Frackman v SSCLG and Cuadrilla [2018] EWCA Civ 9 
Challenge to the decision by the Secretary of State for Communities and Local Government to grant Cuadrilla planning permission for fracking operations at a site in Lancashire.

Andrews v Secretary of State for Business, Energy and Industrial Strategy and the Secretary of State for Housing, Communities and Local Government (2018) 
Challenge brought by the Mayor of Malton against the government’s decision to issue a written ministerial statement (WMS) requiring local authorities to ‘recognise’ the statutory definition of fracking set out in the Infrastructure Act 2015. This challenge aimed to prevent fracking operations (which use slightly less fluid than the statutory threshold) being granted planning permission in areas of outstanding natural beauty and national parks, such as the North York Moors.

MCS, Richard Haward Oysters v SSEFRA 
Judicial review challenge to the government’s Storm Overflow Discharge Reduction Plan on grounds that it fails to accord with statutory obligations, human rights and the public trust doctrine. Press Coverage: The Guardian, BBC NewsFinancial Times, iNews.

Kenyon v Secretary of State for Housing Communities and Local Government (2020) EWCA Civ 302 
Represented a local resident who unsuccessfully challenged a decision by the Secretary of State that no environmental impact assessment was required for the proposal that 150 homes be built on a site in Hemsworth, in circumstances where the development would lead to an increase in traffic and nitrogen dioxide levels in the town centre, which had been designated as an Air Quality Management Area.

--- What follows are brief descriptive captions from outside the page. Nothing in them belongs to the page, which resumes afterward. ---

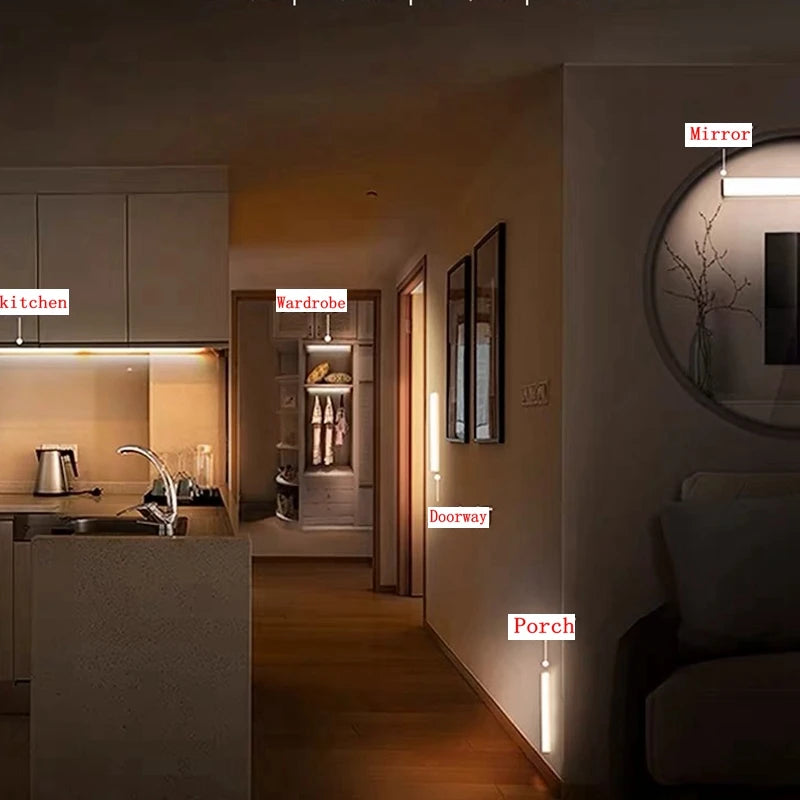 Lampada LED Ricaricabile con Sensore di Movimento – 50 cm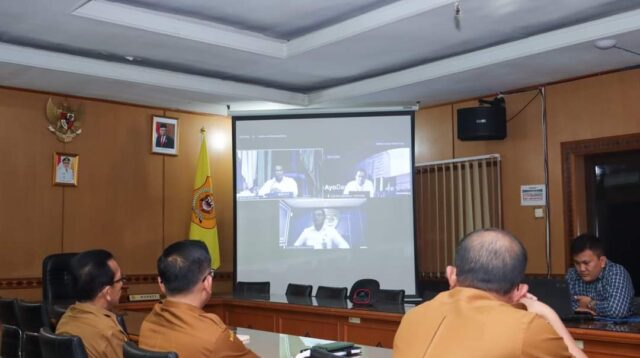 Tim Pengendali Inflasi Daerah (TPID) Kabupaten Dairi dengarkan arahan Menteri Dalam Negeri Tito Karnavian terkait Pengendalian Inflasi Daerah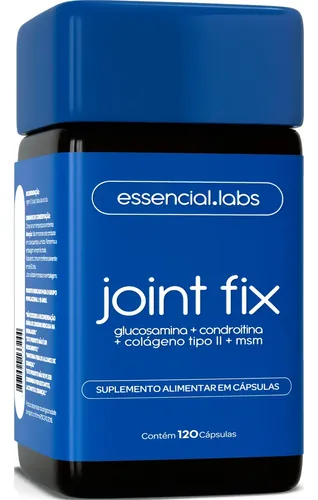 JOINT FIX com GLUCOSAMINA, CONDROITINA, COLÁGENO TIPO 2 e MSM - Fórmula Exclusiva para as Articulações com Máxima Concentração - 120 Cápsulas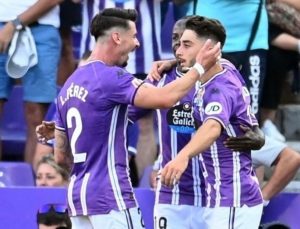 Real Valladolid 3 puanı tek golle aldı!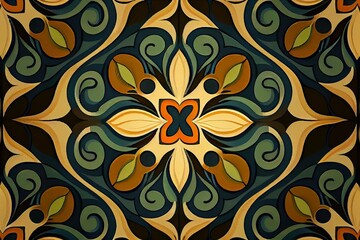 Vibrant and colorful patterns, geometric shapes, 3D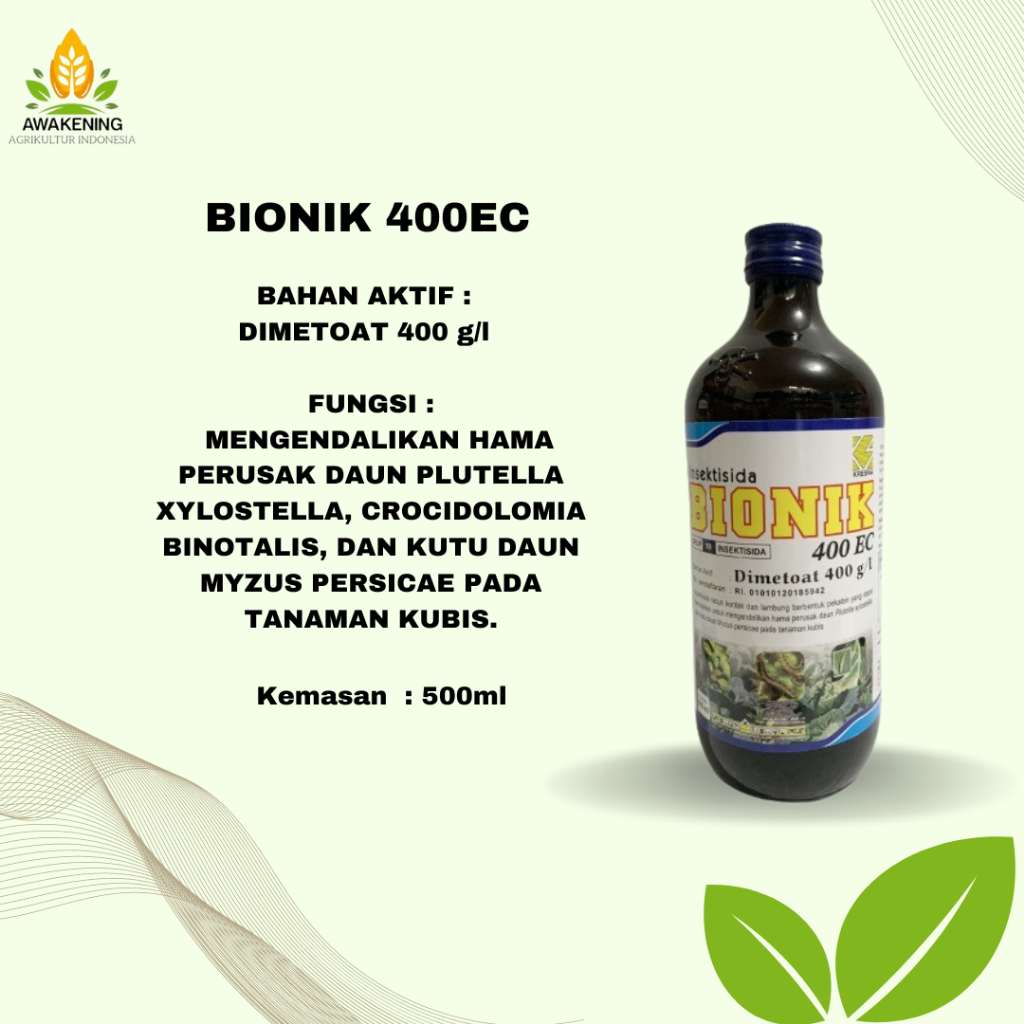 BIONIK 400EC 500ML INSEKTISIDA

Hudson v Royal Borough of Windsor and Maidenhead and Legoland (2019) EWHC 3505 (Admin)
Judicial Review challenge on behalf of the Campaign to Protect Rural England, to the decision of the Royal Borough of Windsor and Maidenhead to grant Legoland planning permission for the construction of a holiday village and other works at its Legoland Windsor site. The claimant complained about the impact of the development on veteran trees within the site and the inadequacy of the proposed buffer zone between the site and the adjacent Windsor Forest and Great Park Site of Special Scientific Interest and Special Area of Conservation, and the council’s failure to undertake an appropriate assessment. Court of Appeal upheld Lang J’s decision, although it concluded that the protective buffer zone between the site and the adjacent Windsor Forest and Great Park Site was wider than Lang J had assumed.

M4 Corridor (Relief Road) Around Newport Inquiry
Irena Sabic KC and Grace Brown were instructed in Inquiry through the Environmental Law Foundation by several organisations including the Wildlife Trust, Gwent Wildlife Trust and Campaign for Protection of Rural Wales. This concerned a scheme with an estimated cost of £1 billion; see here, which resulted in the plans of the Welsh Government to build the road being rejected.

Carolyn Brown v London Borough of Ealing and Queen’s Park Rangers [2018] EWCA Civ 556  
Challenge to Council’s decision to grant Queen’s Park Rangers planning permission to redevelop the 61-acre Warren Farm site in the Metropolitan Open Land (MOL) for mixed-use as a training facility for the football team and community open space/sports facilities. The appeal concerned the meaning of the term “very special circumstances” but also had a very important environmental angle, namely the application of the London Plan’s policies on the development of protected open spaces within the MOL.

LGT FFT and DGLG v Wolverhampton CC (FoE and Liberty intervening) 
The Supreme Court has granted Friends, Families and Travellers (FFT), London Gypsies and Travellers (LGT) and Derbyshire Gypsy Liaison Group (DGLG) permission to appeal the use of these wide-ranging ‘anti-Traveller’ injunctions taken out by Wolverhampton City Council and numerous other councils. Marc Willers KC is leading Tessa Buchanan and Owen Greenhall, and Stephanie Harrison KC is leading Stephen Simblet KC and Fatima Jichi.